I do not mean by ‘haptic’ just a synonym for touch, because the tactility of the haptic
is not a grasping; rather, haptic taste is explorative, open and not immediately judging. Moreover, it is trans-sensory: it accords a particular privilege neither to touch
nor to sight. Hence, haptic taste describes a perceptual engagement deeply involved
in the processes of experiencing food and beverages; it is an attitude focused on processes rather than on objects (Perullo 2018b). Whereas the optic approach perceives
objects understood as outcomes, as crystallizations in stable and standard features,
the haptic approach, instead, perceives processes. Not considering food in the terms
of an object takes us back to a different way of perceiving, but also of representing
it.
The notion of ‘good taste,’ as is well known, was born around the middle of the
seventeenth century, in the modern context of bourgeois society and the new forms
of state and democracy (Agamben 1999: 13–27). As early as the 1970s, Pierre Bourdieu highlighted well the connection between the emergence of good taste and the
question of class representation. In the case that concerns us here, this kind of taste
is shaped along a progressive autonomy of food value from its contexts, its ritual,
symbolic, communal meanings, assuming the recognition of ‘good’ just as in reference to the object. Within this framework, the 19th century (with Grimod de la
Reynière and Brillat-Savarin) witnesses the birth of modern gastronomic criticism:
it involves evaluating a food, meal or drink by recognizing its sensible qualities. The
qualitative value of food becomes disengaged from its ecologies, that is, from the
set of processes – temporal, geographical, ritual, and convivial – that make it possible and illuminate its deeper meaning.
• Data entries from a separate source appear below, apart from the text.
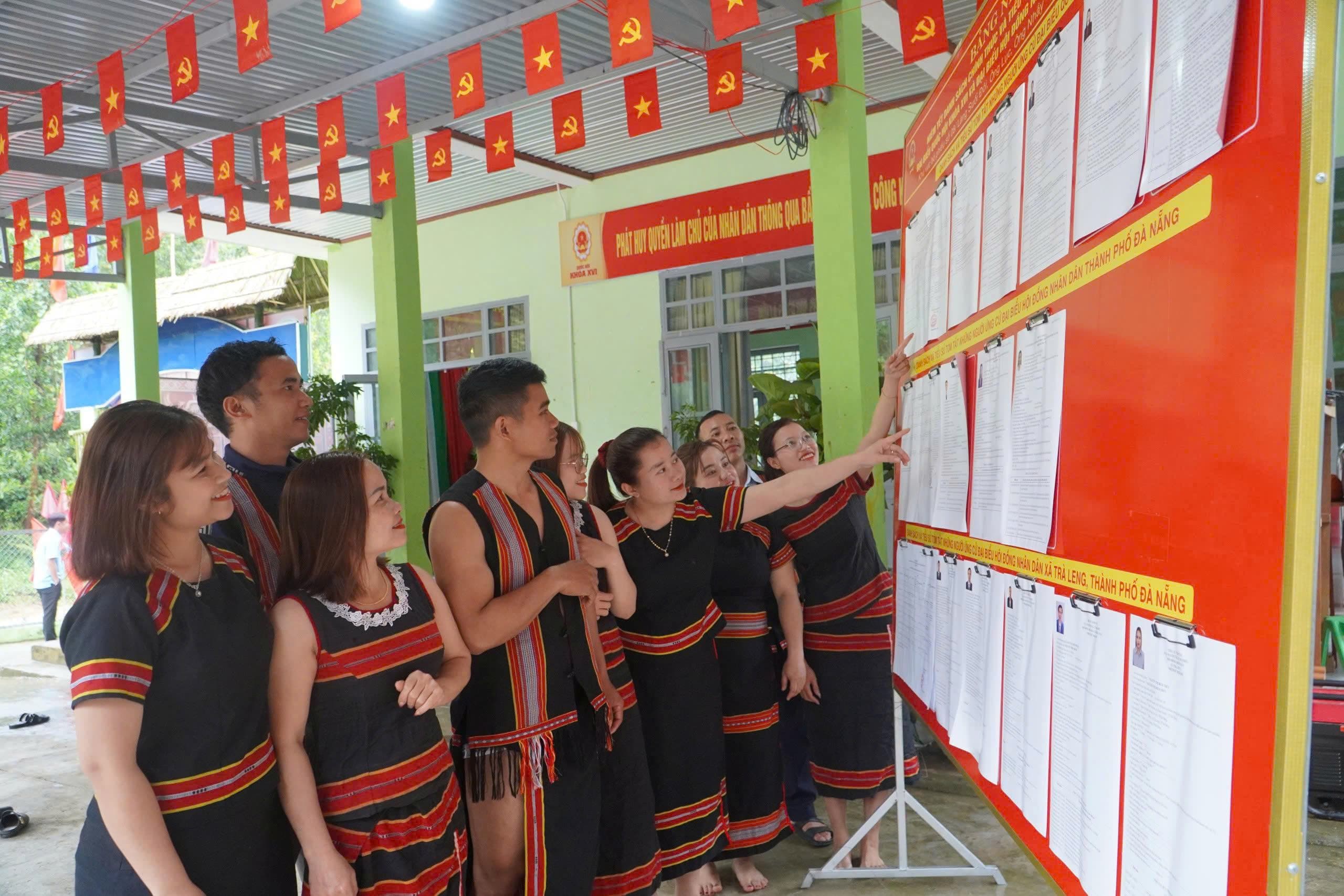 Người dân Trà Leng đi bầu cử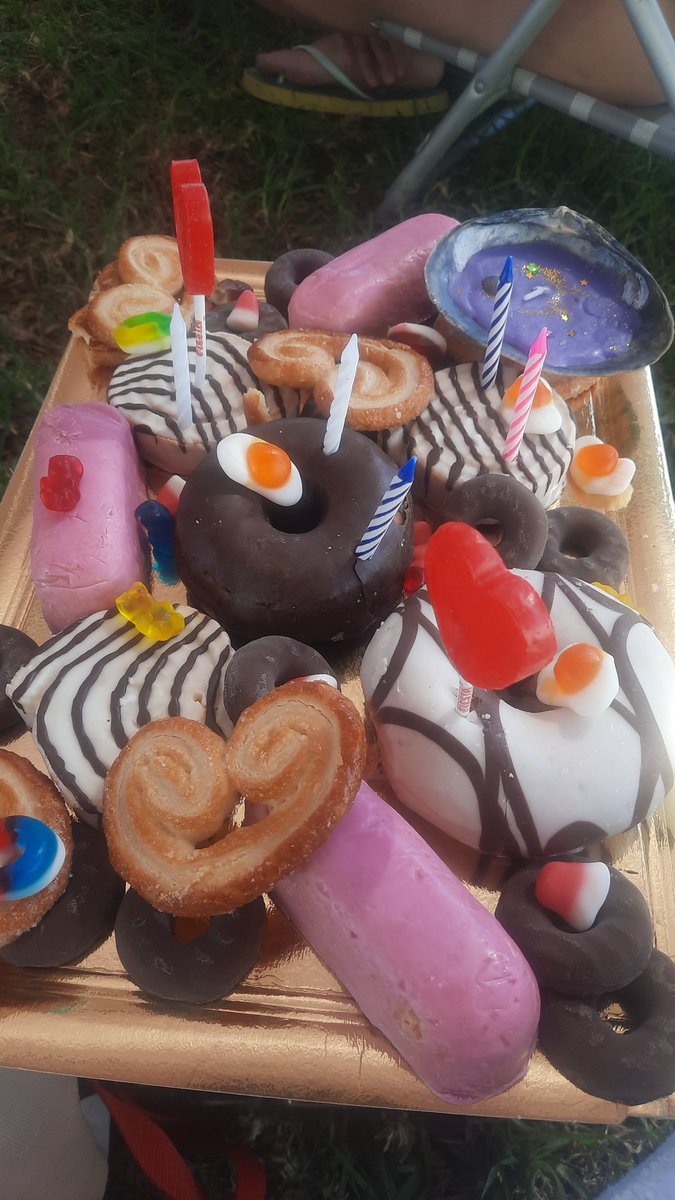 iloliviaa's tweet image. Autotarta cumple 🤣🤣😍❤️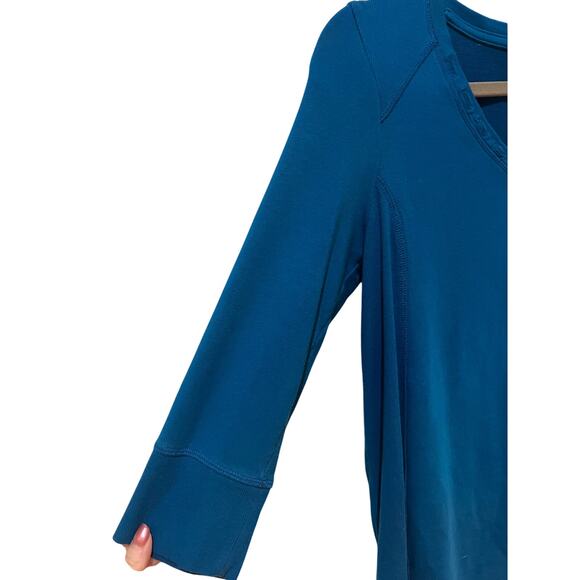 Chico’s Zenergy Teal Button Detail Ribbed V-Neck Trim Knit Tunic Top Size 0 (4/6 - Picture 4 of 8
In other words, only the outcome, the ‘product,’ matters more and more. Now, my thesis is that this reduction of food from the
whole processes that originate it to the mere sensible qualities attached to the object
runs in parallel with a certain idea of gustatory experience, from which originates
the idea of criticism identified with reviews, ratings and recommendations. Limiting the taste experience to the sensory, albeit multisensory, profile of food is a twodimensional and horizontal operation; it is the optic approach to gustatory experience (see Perullo 2018b, 2020). In parallel, identifying gastronomic criticism with
reviews and evaluations of food and restaurants means objectifying and classifying
them. This is a legitimate but reductive move.
When and how did this reduction of processes to objects, this reduction of the
value of a work and perception, come about? The question is complex, requiring a
lengthy analysis that would take us away from our topic. To cut a long story short:
this change concerns the formation of modern subjectivity and sensitivity within a
1
I use here “ecology” in the sense developed by J.J. Gibson with the notion of “ecological perception” (1966).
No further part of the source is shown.